Even before I wanted to be a sports writer, that book influenced me and gave me my first look at life in sports media. Now, all these years later, I’m not a reporter anymore. But if I trace my interest in researching journalists’ routines, this book – with its explanations of how Vecsey conceived, reported and wrote his columns – has to be at the root of it.
As wonderful a columnist as he was, he was a classier man. I e-mailed him not long after I got hired in Binghamton to thank him for the book, which led me into journalism. He responded immediately with extraordinarily kind and friendly note, inviting me to stop by and say hi if we shared a press box some day.
I never had the honor. And he is retiring now.
This week, he gave an interview to the The Morning Delivery. It’s made some waves because he says, among other things, “There may not be much future for the kind of sports column I did” and that aspiring sports journalists should “minor in something else.” (He also makes an unfortunate “bloggers-as-guys-in-their-underwear.” At least he had them writing in their dens, not their mothers’ basement).

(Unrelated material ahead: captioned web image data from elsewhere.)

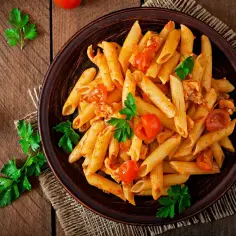 Penne z kurczakiem i pomidorami, udekorowane natką pietruszki. Idealne danie, co można zjeść na obiad.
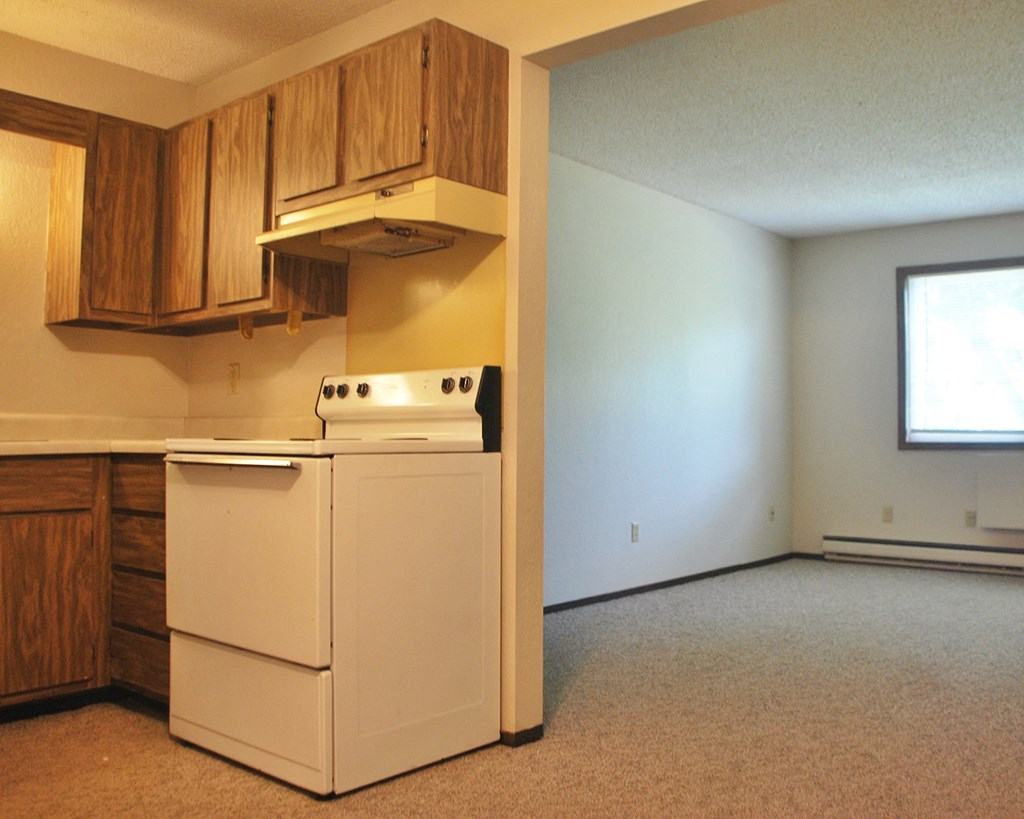 an empty kitchen with a stove and a refrigerator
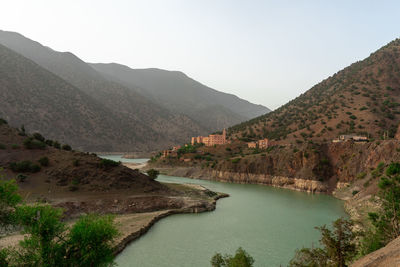 Scenic view of lake and mountains against clear sky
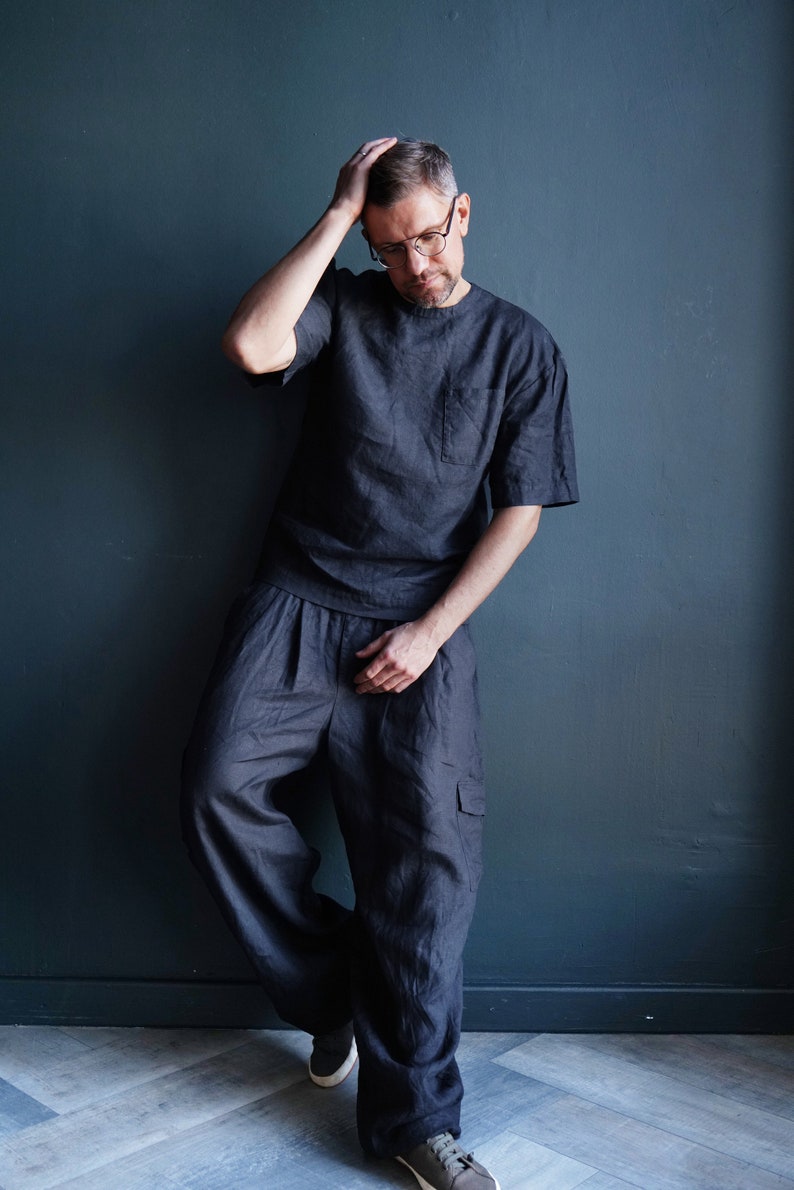 Pu&ograve; includere: T-shirt in lino grigio scuro con taschino sul petto e pantaloni cargo ampi abbinati. L'outfit &egrave; realizzato in un tessuto morbido e traspirante. Il modello indossa occhiali e scarpe da ginnastica.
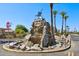 Community entrance with rock waterfall, palm trees, and well-manicured landscaping at 2055 N 56Th St # 15, Mesa, AZ 85215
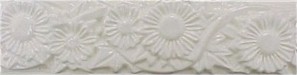 handmade designer trim piece ceramic tile with a high relief design and a one color glaze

Now, this is nothing new. In fact, in Vecsey’s book, he writes that he would tell journalism students to try to find a non-newspaper job. This was in the mid-1980s. Way before the internet. Old reporters are always telling young people to stay out of the business, especially now. Let’s be honest, a.) they want to keep their jobs and b.) being a sports reporter/columnist can be a brutal job. It can be the best job in the world – you are being paid to cover sports – but the hours are long and hard, the travel can be tiring and keep you away from your family, nowadays you’re under the constant threat of layoffs and furloughs and pay cuts and getting beat by some guy on Twitter with a hunch and a faster internet connection.
But the naive, idealistic part of me thinks that there may be room for the kind of sports column Vecsey did. I believe in a large marketplace of ideas. I think that assuming “readers” are a one-size-fits-all group is dangerous and wrong. I think people can like different things on different days. I think there is enough room for Deadspin, Kissing Suzy Kolber, The New York Times and The Post. What makes the internet such a strong news source is that there is room for everyone.
I hope there’s still a place in our sports culture for the thoughtful, measured commentary and storytelling that Vecsey brought.
I truly hope there’s still a place for someone with his class, his thoughtfulness, his kindness.
The day that’s the case is a truly sad day for our business.